DATA EXTRACT Block Start

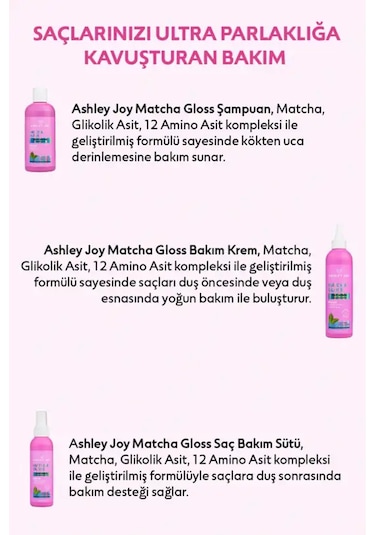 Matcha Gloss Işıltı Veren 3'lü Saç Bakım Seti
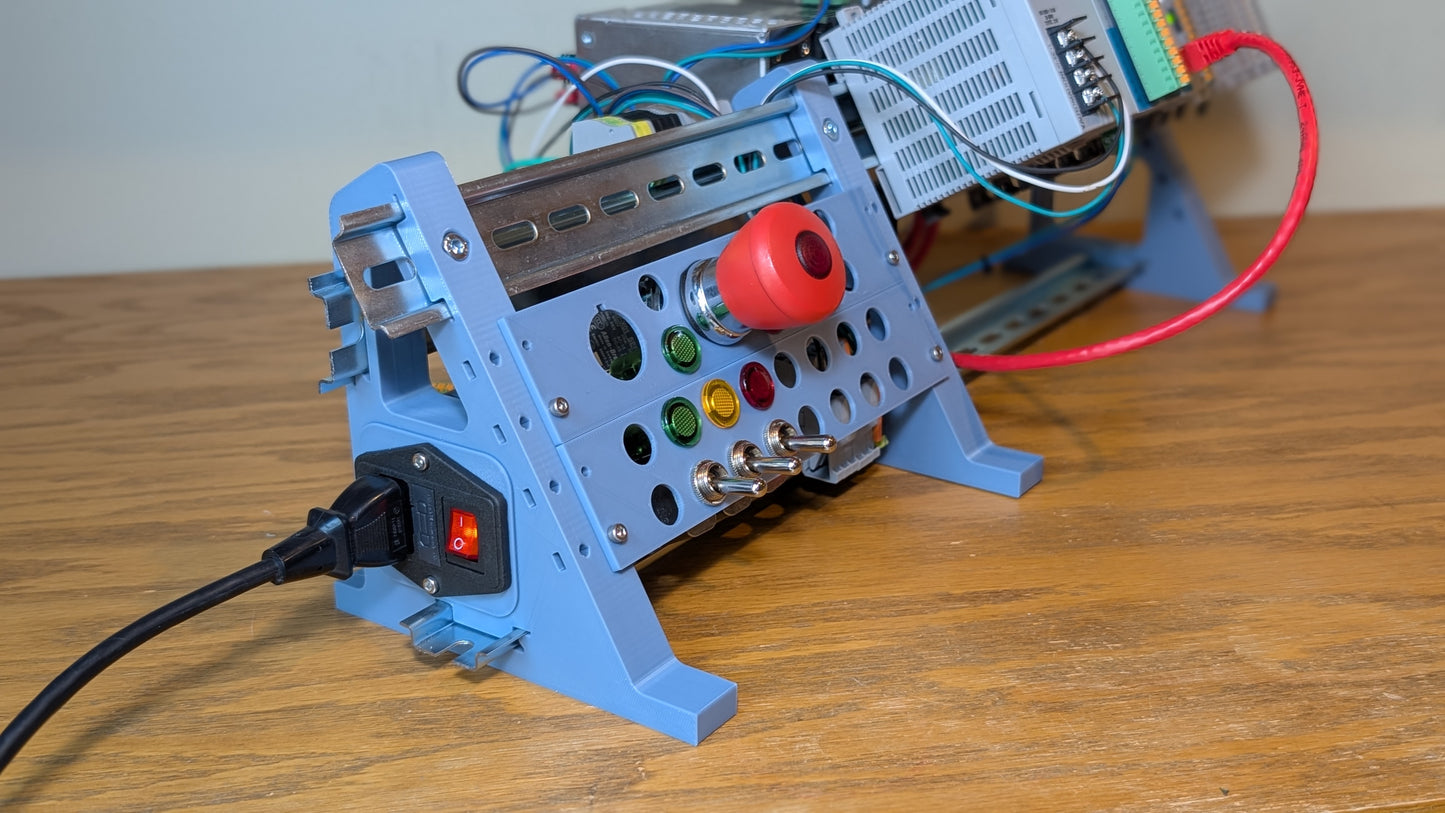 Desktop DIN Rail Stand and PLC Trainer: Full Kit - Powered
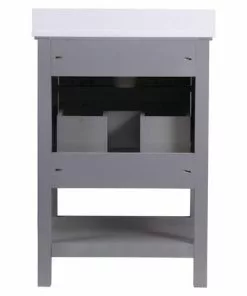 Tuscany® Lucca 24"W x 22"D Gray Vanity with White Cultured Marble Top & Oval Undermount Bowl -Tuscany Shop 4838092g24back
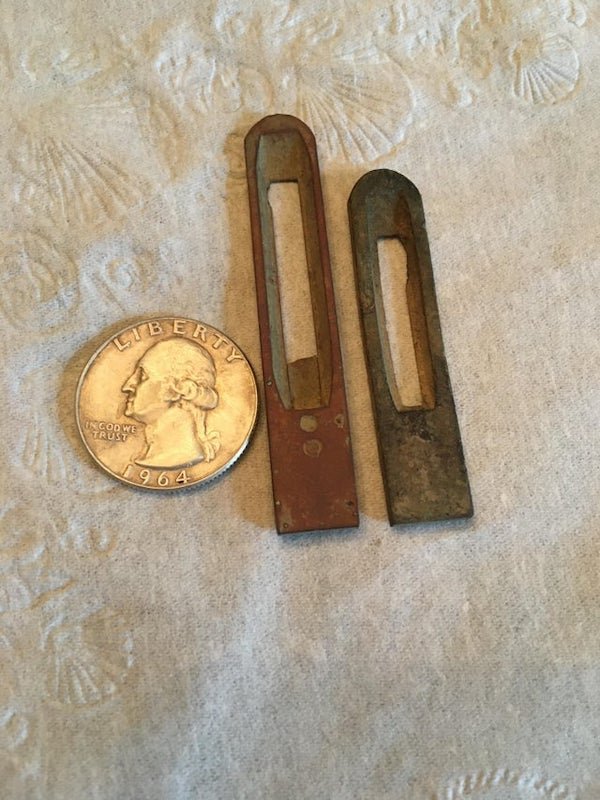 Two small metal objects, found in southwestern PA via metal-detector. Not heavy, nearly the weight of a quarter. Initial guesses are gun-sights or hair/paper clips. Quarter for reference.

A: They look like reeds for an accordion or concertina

DATA EXTRACT Block End

→ WHAT YOU NEED TO DO: What is wanted is the listing, written out exactly, with each picture removed.

→ TASK OUTPUT:
 Matcha Gloss Işıltı Veren 3'lü Saç Bakım Seti
 Desktop DIN Rail Stand and PLC Trainer: Full Kit - Powered
 Tuscany® Lucca 24"W x 22"D Gray Vanity with White Cultured Marble Top & Oval Undermount Bowl -Tuscany Shop 4838092g24back
 Two small metal objects, found in southwestern PA via metal-detector. Not heavy, nearly the weight of a quarter. Initial guesses are gun-sights or hair/paper clips. Quarter for reference.

A: They look like reeds for an accordion or concertina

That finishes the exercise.